Cats might be the bravest, boldest and battiest picture that’s come this barmy year, and the kinkiest too! Everywhere, latex linen suits wade in the viewer’s eyesight, crotch capers carrying the eye-line of the camera’s attention. Sleek, the myriad dancers parade with gutty gymnastic poses, throwing each of their bodies into the multi-colored routines. The songs come interchangeably, frivolously feasting on their nonsensical verse and costumes. Exquisitely produced, the song’s take a sombre, affecting turn during Grizabella’s (Jennifer Hudson’s) Memories, an ageing elegy sung as the spinning camera eyes the falling debris that surround the commune of cats.
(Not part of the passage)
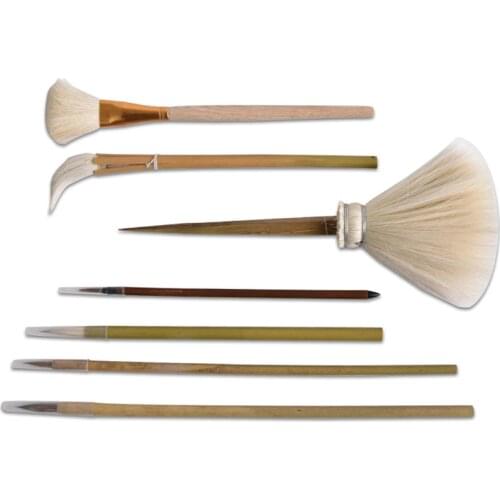 Writing Brush Pottery Tools Painting Painted Hook Pen Sweep Dust Hydration Ceramic Clay Polymer Tool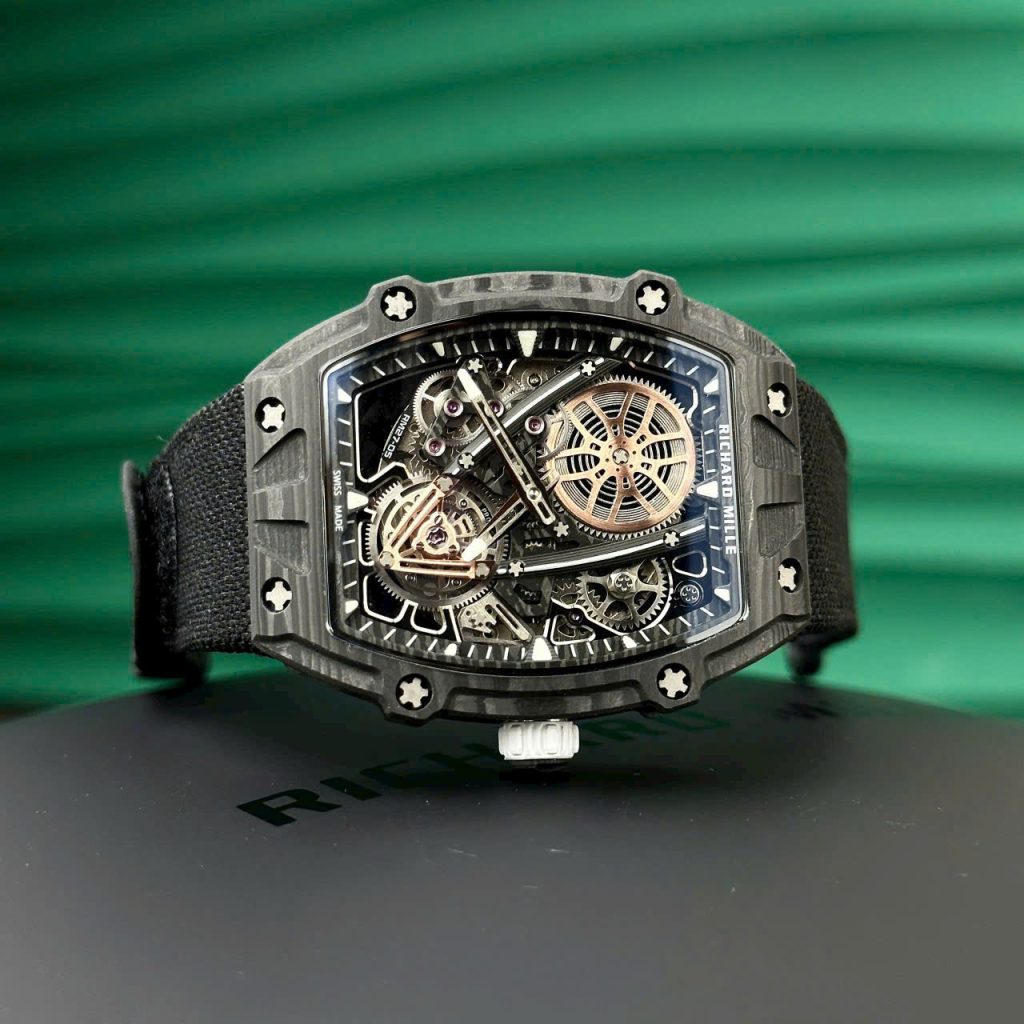 Đồng hồ Richard Mille RM27-05 Replica 11 cao cấp nhất dây vải đen (9)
This is visual art, shades of Metropolis (Fritz Lang, 1927) and Blade Runner (Ridley Scott, 1982) hanging on the architectural designs.
It’s an impressive cast listing, venerable custodians of the stage (Ian McKellen and Judi Dench) parading with the prescient pop artists of the millennial world (Taylor Swift, Jason Derulo and James Corden among the cast list). Parading in delightful nonsense, the catchy collection of cats emerge in the linen gutter filled paths, as others dine with cutlery items larger than the diners themselves. It’s utterly, joyfully offbeat, an illustrated adaptation of the wackiness T.S. Elliot intended for his creations. Behind the furry felines sits Idris Elba’s Macavity, purring in his criminal ambition. Elba’s resume has rarely shown such propensity for pantomime, eager in clawed posts to wander the variegated set pieces with playful rigor.
Through a Camp collection of colourful cuts comes the most exciting and invigorating of dance set pieces. In its own way, it’s the purest translation of musical theatre, expressing the animal atmosphere both the West End and Broadway productions produce. The costumes take centre stage, an overture of textures, colours, carousels and captures, a vehicle of fur for its centre cast. Clandestine changes of colour and choreography take precedence over semblance of plot. Instead, its the glorious engagement of vaudevillian value in all of its seductive permutation. Slick, shiny, sexy, colourful, creative and camp!
Cats is out in cinemas on Friday, December 20th.